日々の生活の中で「語弊がある」という言葉を見聞きしたり使ったりしますか?
「語弊」と書いて【ごへい】と読むのですが、どんな場面で活用する言葉なのでしょうか。
そんな本日は「語弊がある」の意味と使い方、そして類語と例文について詳しく解説したいと思います。
「語弊がある」の意味は?
まず最初に「語弊がある」の意味について見ていきましょう。
「語弊がある」という語句は、「語弊」という名詞と、その動作の主体を示す格助詞「が」、及び動詞の「ある」から成り立っています。
「語弊」の「語」は形声文字で、ごんべんが形を、「吾」が音を示しています。
「吾」は「禦」と音が通じており、そもそもは「防ぐ」と言う意味があります。
このことから「語」は、「人の発した言葉に対して、自分を守り、言葉を返すこと」を意味する字とされます。
また「互いに言葉を交わす」という意味も持ちます。
漢字の意味合いとしては「語る」、「話す」、「答える」、「物語」などです。
また「弊」も形声文字です。
上の「敝」という部分が「へい」という音を、「廾」が形を表します。
これは「きょう」と読み、部首名としては「にじゅうあし」ともいわれます。
「敝」とは元来は、「布が破れる」や「崩れる」という意味を示します。
「廾」の部分は、古い字では「犬」であり、「犬が突然がっくり死ぬ」ことを指したともいわれます。
このため「弊」の意味は「やぶれる」、「苦しむ」、「悪い」などとなります。
これらのことから「語弊」は直接的には「発する言葉が悪いこと」、すなわち「言葉の使い方が適切でないために、相手に与えるよくない結果」や「言葉遣いに差し障りがあること」、あるいは「言語上の欠点」のことを示す名詞となります。
そして「語弊がある」とは、「言葉の使い方が適切でないために、相手に誤解を招いてしまう」、また「言葉の選択や表現の仕方が誤解され、弊害をもたらしてしまう」といった動作や状況を表します。
「語弊」の使い方は?
次に「語弊」の正しい使い方について見ていきましょう。
「語弊」という言葉は、語感や意味上からも「誤解」と似ており、使い分けが悩ましいところです。

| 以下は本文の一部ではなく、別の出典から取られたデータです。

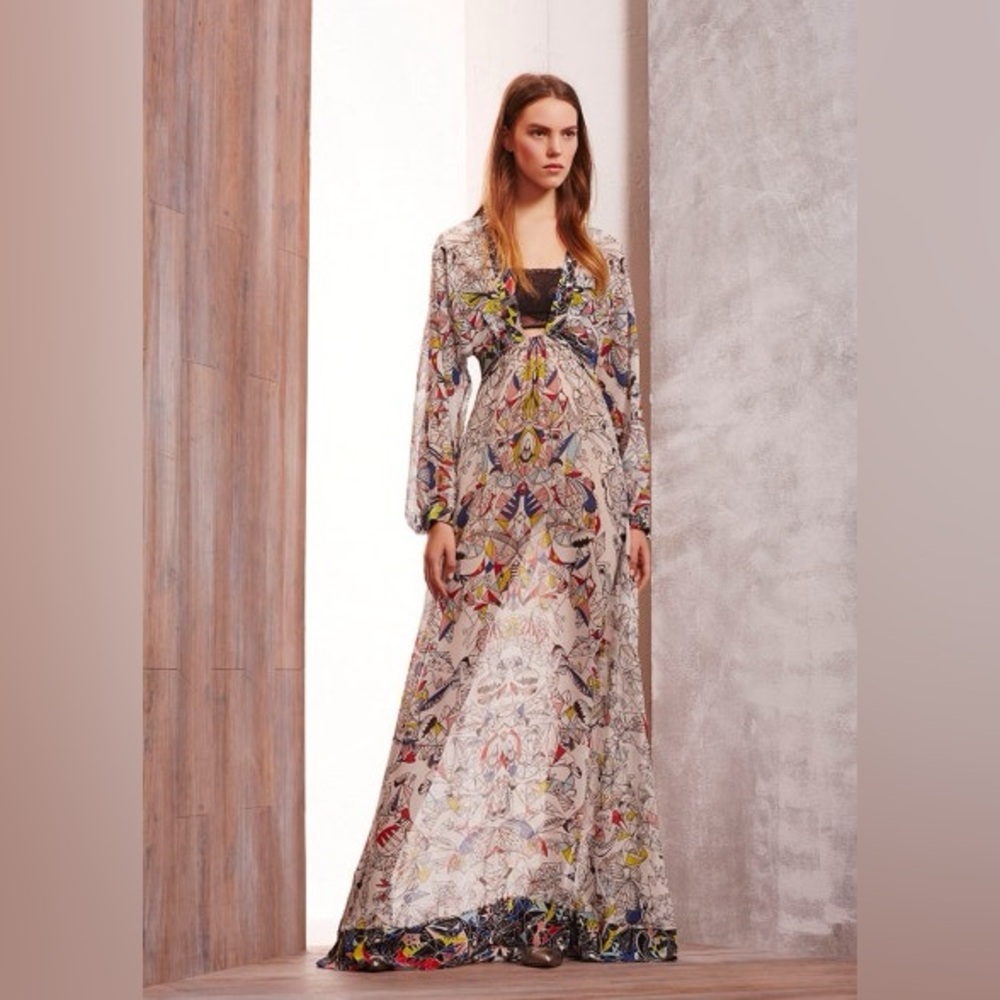 BCBGMaxAzria Multicolor Long Sleeve Maxi Runway Dress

「誤解」は「相手が言ったことの真意を間違って理解すること」や「何らかの事実を誤って理解すること」を表す語です。
一方「語弊」は前述のように、「相手に何かを伝えようとする時に用いる言葉が適切ではなく、間違った理解を招きやすい言い方。またそれによって起こる弊害」という意味です。
端的に言えば、前者は「間違って理解する」こと、後者は「間違って理解される恐れがある」こと、という微妙なニュアンスの差があります。
つまり、数学の「集合」の概念を援用すれば、「語弊」は「誤解」より意味の幅が広く、「誤解」を包含しているということです。
このため、例えば「語弊を招く」という表現は、「『誤解を招く恐れ』を招く」という趣旨になり、二重表現といえます。
また「語弊を恐れない」という言い方も、「『誤解を招く恐れ』を恐れない」という意味になり、こちらもダブり感が否めません。
いずれの場合も「誤解を招く」、「誤解を恐れない」とするのが適切な用法だといえます。
このように一般的には、「語弊」という言葉は、「語弊がある」という形で定型的に使う、と理解しておけば、おおむね誤用や混用は避けられるといえるでしょう。
「語弊」の類語と例文を教えて?
最後に「語弊」の類語と例文をご紹介したいと思います。
「語弊(がある)」の類語には次のようなものがあります。
◆類語
- 誤解を招く
- 勘違いされそうだ
- 誤った印象を与える
- 変なイメージになる
などがあります。
「語弊(がある)」の例文としては次のようなものが挙げられます。
◆例文
- 駄作とまで言うと語弊があるかもしれないが、その作品の評価は今ひとつだ。
- それ以来、私は彼に敵意のようなものを持った。敵意とは語弊があるにしても、少なくとも反感を抱いた。
- こう言うと語弊があるかもしれないけど、あの映画は見た後に何か残るものがないんだよね。
「語弊(がある)」の類語と例文をまとめてご紹介しました。
パソコンやスマホで【語弊】と検索窓に打った時に【御幣】と出てくる場合がありますが、こちらは”神祭用具”の意味合いがあるので間違わないようにしましょう。
まとめ
いかがでしたでしょうか?
「語弊(がある)」の意味と正しい使い方、そして類語と例文について詳しくご紹介しました。
「語弊」と「誤解」は似たような意味を持つ言葉なので使い分けに悩むところですが、その都度、適切に表現するようにしましょう。